Sorprende la facilidad con que un niño se ríe ante cualquier gracia inofensiva, disfruta con la más ridícula de las muecas y se contenta con solo escuchar una música animada. Su contagiosa alegría surge del instinto por lo ocurrido en el momento, sin complicaciones ni poses.

La verdadera sonrisa tiene la virtud de iluminar los ojos y crear arrugas de expresión, relajar los músculos, salir a borbotones, mientras su portador se entrega al abandono, olvidándose del entorno. En relación con esa expresión facial expresaba con acierto Mario Benedetti: “Fíjese que cuando sonríe se le forman unas comillas en cada extremo de la boca. Esa es mi cita favorita”.

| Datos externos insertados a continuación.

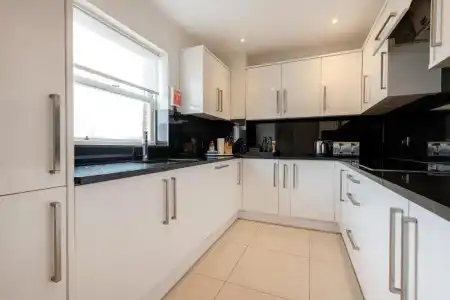 Queensgate Court - 264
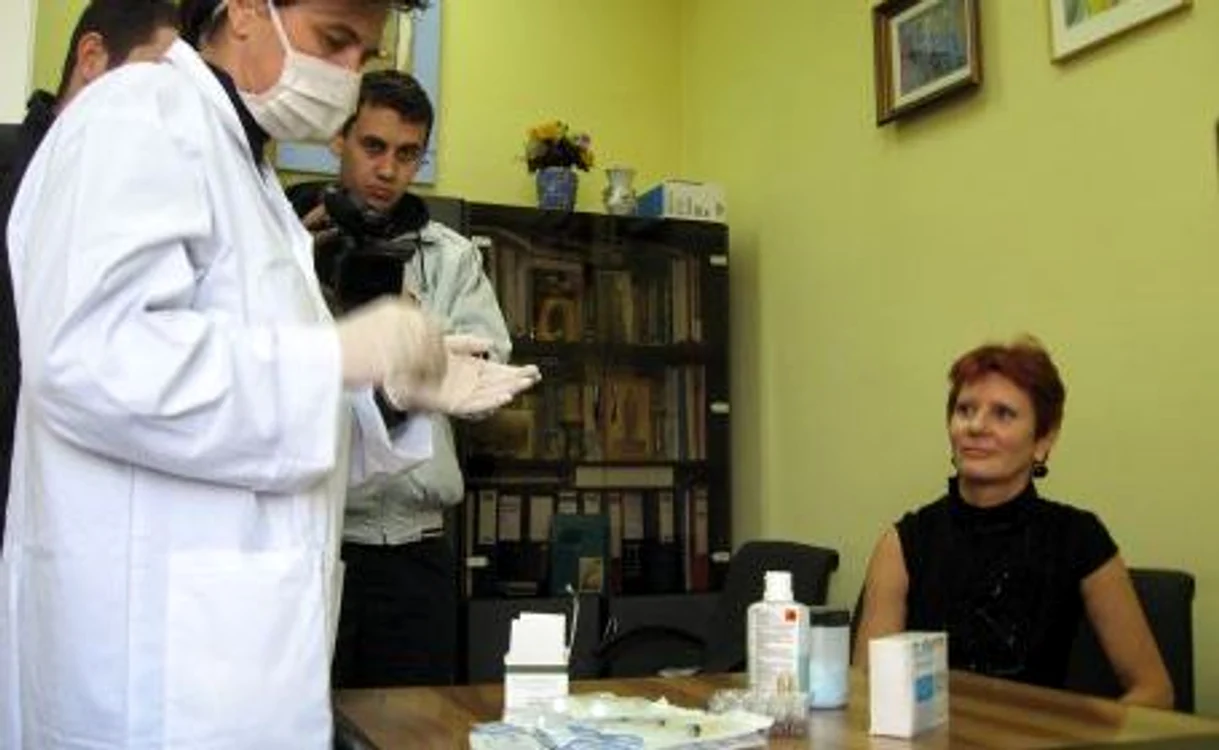 
    Medicul Doina Petri garantează că tânărul nu s-a vaccinat  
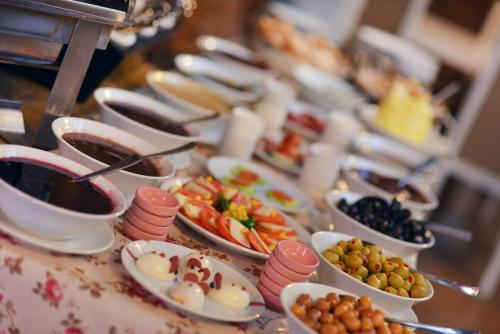 Makanan di atau berdekatan hotel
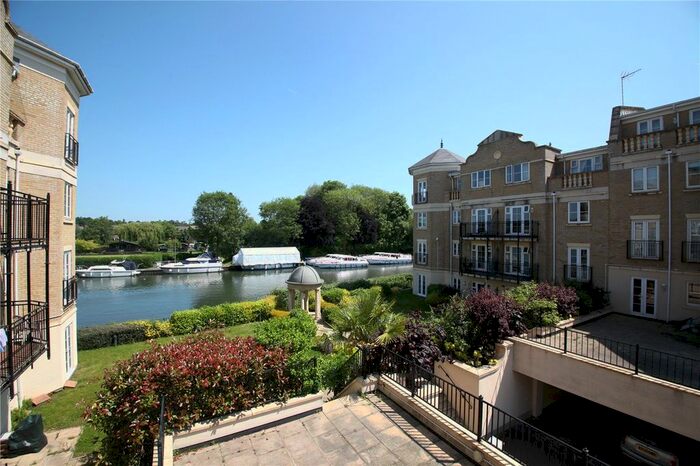 2 Bedroom Flat To Rent In Regents Riverside, Brigham Road, Reading, Berkshire, RG1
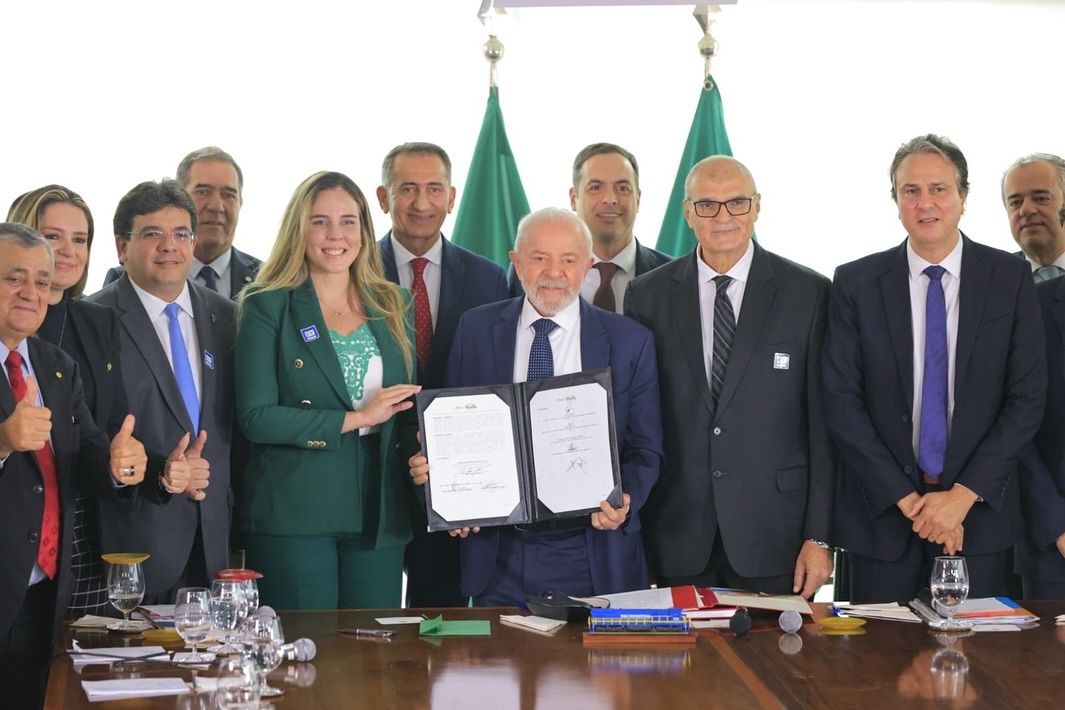 Jade Romero e Lula firmam acordo para expansão da Transnordestina com investimento de R$ 3,6 bilhões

Esa expresión de humor se distancia de aquella circunstancial, de la actitud socialmente aceptable o la que se ofrece por puro convencionalismo. Está lejos de la apariencia fingida para lucir agrado que no llega a la mirada y se frisa en una dentadura inmóvil, simulada tras el disfraz de la cortesía y las buenas maneras; no es la máscara de algarabía constante que a nadie engaña y que solo esconde amargura.

Esas lágrimas producidas por el encanto de una estruendosa carcajada -que brota incontenible desde el pecho, que contrae el diafragma y altera la respiración-constituye una de las mejores experiencias con las que contamos en la vida y lo que nos distingue de los demás seres del planeta. Lo inesperado de su aparición, la espontaneidad del sentimiento, la plenitud de su llegada con la originalidad de un chiste o lo gracioso de una situación determinada suman años a los años. Aprender a burlarse de uno mismo, antes de acomplejarse porque lo hagan los demás, es una señal de madurez y sabiduría.

La alegría de un triunfo, la satisfacción del éxito, el reencuentro con el ser querido, la ingeniosa salida del amigo, la sorpresa de un inesperado episodio, los recuerdos de las travesuras, los gestos jocosos o el logro alcanzado por un cercano, son muchas de las razones que existen para que la alegría invada al rostro, se instale despreocupadamente, destierre los resabios y deje atrás la tristeza, frustraciones y desengaños. Por eso, Aurore Dupin decía: “Dios ha puesto el placer tan cerca del dolor que muchas veces se llora de alegría”.

Al pasar balance, detrás de cada decepción o de un tropiezo inevitable en el sendero que a cada uno le toca, aparece el equilibrio de muchas risotadas para levantar los ánimos porque, al final, lo que importa es tener más motivos para reír que para llorar.